ANSWER: Greg is not surprised by this.


FILESYSTEM_DOMAIN as requirement

I want to submit jobs that require a different filesystem but none of the following seem to work

requirements = (FILESYSTEM_DOMAIN == "aoc.nrao.edu")

FILESYSTEM_DOMAIN = "aoc.nrao.edu"

+FILESYSTEM_DOMAIN = "aoc.nrao.edu"

Looks like the answer is

requirements = (FileSystemDomain == "aoc.nrao.edu")

<sarcasm>because that's perfectly obvious</sarcasm>

But let's say we have two clusters (aoc.nrao.edu and cv.nrao.edu) with different filesystems.  I want jobs submitted in aoc.nrao.edu with a requirement of cv.nrao.edu to glidein to the cv.nrao.edu cluster.  How can a factory script at cv.nrao.edu look for such jobs?  I can't seem to use condor_q -constraint to look for such jobs.  The following doesn't work.

condor_q -pool nmpost-cm-vml.aoc.nrao.edu -global -allusers -constraint 'Requirements = ((FileSystemDomain == "cv.nrao.edu"))'

ANSWER: I think the answer is not to use FileSystemDomain but to create our own custom classad like we do with the VLASS partition.  Greg says it is possible to query for this requirement but the syntax is pretty gnarly.  I think making a partition is a better solution.


Removing tokens

Let's say I have a schedd that authenticates with an idtoken in /etc/condor/tokens.d.  If I remove that token, I am still able to submit jobs from that host until condor is restarted.  It has to be a restart as condor_reconfig seems insufficient.  This indicates to me that HTCondor is caching the token. Although it is strange that condor_token_list returns nothing immediatly after remocing the token yet HTCondor still can submit jobs. This is not really a problem but I was surprised by it and wanted to point it out in case it was unexpected.  There doesn't seem to be a timeout either.

ANSWER: Greg knows about this.  HTCondor establishes a relationship once authenticated and continues to use that relationship.  It may timeout after 24 hours, not sure.


Signing key

Given two separate clusters (testpost and nmpost), what should the signing keys and tokens look like?

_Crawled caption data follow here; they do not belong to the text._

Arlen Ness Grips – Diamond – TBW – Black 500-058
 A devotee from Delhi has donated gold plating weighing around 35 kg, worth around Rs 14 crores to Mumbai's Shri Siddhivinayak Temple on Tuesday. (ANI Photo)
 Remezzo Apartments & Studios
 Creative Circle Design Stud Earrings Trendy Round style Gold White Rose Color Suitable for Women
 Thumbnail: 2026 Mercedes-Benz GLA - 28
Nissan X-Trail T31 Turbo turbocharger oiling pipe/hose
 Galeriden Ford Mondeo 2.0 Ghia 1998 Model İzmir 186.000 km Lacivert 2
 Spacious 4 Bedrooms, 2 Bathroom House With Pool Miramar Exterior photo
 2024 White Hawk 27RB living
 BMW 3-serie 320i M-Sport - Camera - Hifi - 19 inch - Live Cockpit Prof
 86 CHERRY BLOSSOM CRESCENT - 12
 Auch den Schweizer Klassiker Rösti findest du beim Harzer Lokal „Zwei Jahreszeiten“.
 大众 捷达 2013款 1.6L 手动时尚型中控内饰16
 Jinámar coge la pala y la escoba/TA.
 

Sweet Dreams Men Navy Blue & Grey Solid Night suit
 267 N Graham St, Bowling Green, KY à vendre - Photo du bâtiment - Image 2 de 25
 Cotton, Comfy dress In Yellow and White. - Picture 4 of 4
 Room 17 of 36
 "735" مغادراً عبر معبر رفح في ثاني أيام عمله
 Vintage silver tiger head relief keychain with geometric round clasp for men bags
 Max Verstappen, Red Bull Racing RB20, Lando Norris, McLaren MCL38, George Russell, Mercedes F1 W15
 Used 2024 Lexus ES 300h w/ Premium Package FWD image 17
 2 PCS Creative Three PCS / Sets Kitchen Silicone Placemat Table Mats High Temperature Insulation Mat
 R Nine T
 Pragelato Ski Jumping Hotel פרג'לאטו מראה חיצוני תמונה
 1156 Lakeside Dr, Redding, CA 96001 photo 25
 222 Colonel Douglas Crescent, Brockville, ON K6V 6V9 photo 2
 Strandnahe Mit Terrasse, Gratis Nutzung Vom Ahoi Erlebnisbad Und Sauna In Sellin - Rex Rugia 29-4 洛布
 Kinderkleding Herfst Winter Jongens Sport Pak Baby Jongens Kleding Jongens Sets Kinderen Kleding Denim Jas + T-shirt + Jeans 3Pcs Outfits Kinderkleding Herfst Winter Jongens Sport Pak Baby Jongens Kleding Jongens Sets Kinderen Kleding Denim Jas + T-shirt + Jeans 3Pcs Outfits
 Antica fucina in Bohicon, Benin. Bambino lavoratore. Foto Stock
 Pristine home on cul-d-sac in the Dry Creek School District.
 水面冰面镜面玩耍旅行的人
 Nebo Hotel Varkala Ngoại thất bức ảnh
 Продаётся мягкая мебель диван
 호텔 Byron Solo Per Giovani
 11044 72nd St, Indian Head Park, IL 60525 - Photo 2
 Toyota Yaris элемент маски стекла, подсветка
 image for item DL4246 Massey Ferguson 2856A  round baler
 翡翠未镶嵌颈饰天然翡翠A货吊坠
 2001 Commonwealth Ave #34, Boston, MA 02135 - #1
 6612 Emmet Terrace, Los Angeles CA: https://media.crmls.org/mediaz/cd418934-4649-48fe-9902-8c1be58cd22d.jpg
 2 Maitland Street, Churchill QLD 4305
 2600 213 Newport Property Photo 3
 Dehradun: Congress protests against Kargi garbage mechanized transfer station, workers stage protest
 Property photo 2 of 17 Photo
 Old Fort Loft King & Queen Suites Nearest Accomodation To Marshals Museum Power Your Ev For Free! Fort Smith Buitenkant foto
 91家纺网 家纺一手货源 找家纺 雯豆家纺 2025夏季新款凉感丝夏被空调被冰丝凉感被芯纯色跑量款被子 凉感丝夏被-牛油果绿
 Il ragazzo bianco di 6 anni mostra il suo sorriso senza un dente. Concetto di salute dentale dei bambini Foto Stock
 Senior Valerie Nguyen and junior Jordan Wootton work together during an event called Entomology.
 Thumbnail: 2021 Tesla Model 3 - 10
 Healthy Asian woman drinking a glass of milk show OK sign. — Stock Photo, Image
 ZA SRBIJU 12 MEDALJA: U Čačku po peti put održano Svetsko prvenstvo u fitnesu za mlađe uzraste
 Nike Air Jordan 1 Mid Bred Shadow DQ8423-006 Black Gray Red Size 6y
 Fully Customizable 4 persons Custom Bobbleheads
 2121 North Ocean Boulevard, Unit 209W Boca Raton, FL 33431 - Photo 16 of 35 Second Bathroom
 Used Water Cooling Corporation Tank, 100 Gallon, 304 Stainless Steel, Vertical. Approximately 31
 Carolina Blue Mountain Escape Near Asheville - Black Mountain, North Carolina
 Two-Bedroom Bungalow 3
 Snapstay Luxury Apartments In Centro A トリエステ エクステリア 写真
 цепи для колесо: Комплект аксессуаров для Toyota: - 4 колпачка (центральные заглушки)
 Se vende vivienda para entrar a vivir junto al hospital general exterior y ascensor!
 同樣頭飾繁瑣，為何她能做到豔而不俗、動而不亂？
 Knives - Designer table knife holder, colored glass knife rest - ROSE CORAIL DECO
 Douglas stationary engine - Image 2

Now that we use idtokens, I thought that to get a VM to be able to submit jobs I only needed to add our cluster's token to /etc/condor/tokens.d.  But apparently I also need to add our cluster's signing key to /etc/condor/passwords.d.  I since learned that this is probably because I created the signing key and token on our testpost cluster and then copied them to our nmpost cluster.

ANSWER: yes.  create signing keys for each cluster.


Jobs with a little swap

Say we had jobs that need 40GB of memory but occationally, very briefly, spike to 60GB.  With Torque this is not a problem because it will just let the job swap.  It is not a big performance hit because the amount of time that memory is needed is very short compared to the runtime of the job.  How could we do this in HTCondor?  We really don't want to set a memory requirement of 60GB beucase we want to run multiple jobs on a node and doing so will significantly reduce the number of jobs we could put on a node.

Does the new DISABLE_SWAP_FOR_JOB=false knob, introduced in 8.9.9, mean that HTCondor now swaps if needed by default?

ANSWER: try setting memory.swappiness for the condor cgroup.

ANSWER:  The VLASS nodes don't have a swap partition.  Make a swapfile on the vlass node (nmpost110) and see if that works.


Allocated in the log file

If I submit a job at CHTC with request_disk = 1 G the log output looks like

Partitionable Resources : Usage Request Allocated

Cpus : 1 1

Disk (KB) : 49 1048576 1485064

IoHeavy : 0

Memory (MB) : 1 1024 1024

But if I submit a job at CHTC with a request_disk = 2 G the log output looks like

Partitionable Resources : Usage Request Allocated

Cpus : 1 1

Disk (KB) : 49 2097152 7258993

IoHeavy : 0

Memory (MB) : 0 1024 1024

What does the "Allocated" disk space mean in these examples?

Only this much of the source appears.